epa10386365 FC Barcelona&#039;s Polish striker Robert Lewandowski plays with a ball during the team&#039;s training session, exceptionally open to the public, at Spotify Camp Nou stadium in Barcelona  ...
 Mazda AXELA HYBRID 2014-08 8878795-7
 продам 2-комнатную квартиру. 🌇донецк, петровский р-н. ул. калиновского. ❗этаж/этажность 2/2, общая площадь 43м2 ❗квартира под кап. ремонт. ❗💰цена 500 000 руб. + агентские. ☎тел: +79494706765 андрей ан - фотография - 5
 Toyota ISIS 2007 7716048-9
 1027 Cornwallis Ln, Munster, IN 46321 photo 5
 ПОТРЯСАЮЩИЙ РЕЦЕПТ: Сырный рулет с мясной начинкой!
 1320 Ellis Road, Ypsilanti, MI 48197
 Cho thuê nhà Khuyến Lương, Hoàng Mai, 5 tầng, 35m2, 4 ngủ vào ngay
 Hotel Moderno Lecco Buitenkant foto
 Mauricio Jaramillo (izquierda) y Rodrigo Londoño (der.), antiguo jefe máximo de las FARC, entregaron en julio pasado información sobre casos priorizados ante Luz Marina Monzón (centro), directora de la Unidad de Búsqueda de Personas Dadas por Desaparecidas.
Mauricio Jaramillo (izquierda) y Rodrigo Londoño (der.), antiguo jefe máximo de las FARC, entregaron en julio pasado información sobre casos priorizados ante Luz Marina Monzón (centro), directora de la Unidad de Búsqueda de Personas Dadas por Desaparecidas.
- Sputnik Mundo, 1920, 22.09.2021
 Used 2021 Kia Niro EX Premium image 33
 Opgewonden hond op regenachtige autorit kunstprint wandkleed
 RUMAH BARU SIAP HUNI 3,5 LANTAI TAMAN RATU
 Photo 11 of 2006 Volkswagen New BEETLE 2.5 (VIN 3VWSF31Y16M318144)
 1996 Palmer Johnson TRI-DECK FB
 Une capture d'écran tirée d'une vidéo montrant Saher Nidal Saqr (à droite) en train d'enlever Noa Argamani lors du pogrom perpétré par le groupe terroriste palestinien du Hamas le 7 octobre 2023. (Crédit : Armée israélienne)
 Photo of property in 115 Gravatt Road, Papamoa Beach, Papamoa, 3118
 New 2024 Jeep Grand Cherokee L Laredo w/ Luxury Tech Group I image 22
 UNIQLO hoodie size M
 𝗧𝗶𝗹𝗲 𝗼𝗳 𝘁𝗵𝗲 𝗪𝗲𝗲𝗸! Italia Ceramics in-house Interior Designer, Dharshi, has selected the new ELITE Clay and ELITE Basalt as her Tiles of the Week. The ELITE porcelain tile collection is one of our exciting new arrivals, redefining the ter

Directions
Once the line that contains "Used 2021 Kia Niro EX Premium image 33" is found, please give it again exactly, along with each line that comes after it, through the last line of the entries.

Output for this exercise
 Used 2021 Kia Niro EX Premium image 33
 Opgewonden hond op regenachtige autorit kunstprint wandkleed
 RUMAH BARU SIAP HUNI 3,5 LANTAI TAMAN RATU
 Photo 11 of 2006 Volkswagen New BEETLE 2.5 (VIN 3VWSF31Y16M318144)
 1996 Palmer Johnson TRI-DECK FB
 Une capture d'écran tirée d'une vidéo montrant Saher Nidal Saqr (à droite) en train d'enlever Noa Argamani lors du pogrom perpétré par le groupe terroriste palestinien du Hamas le 7 octobre 2023. (Crédit : Armée israélienne)
 Photo of property in 115 Gravatt Road, Papamoa Beach, Papamoa, 3118
 New 2024 Jeep Grand Cherokee L Laredo w/ Luxury Tech Group I image 22
 UNIQLO hoodie size M
 𝗧𝗶𝗹𝗲 𝗼𝗳 𝘁𝗵𝗲 𝗪𝗲𝗲𝗸! Italia Ceramics in-house Interior Designer, Dharshi, has selected the new ELITE Clay and ELITE Basalt as her Tiles of the Week. The ELITE porcelain tile collection is one of our exciting new arrivals, redefining the ter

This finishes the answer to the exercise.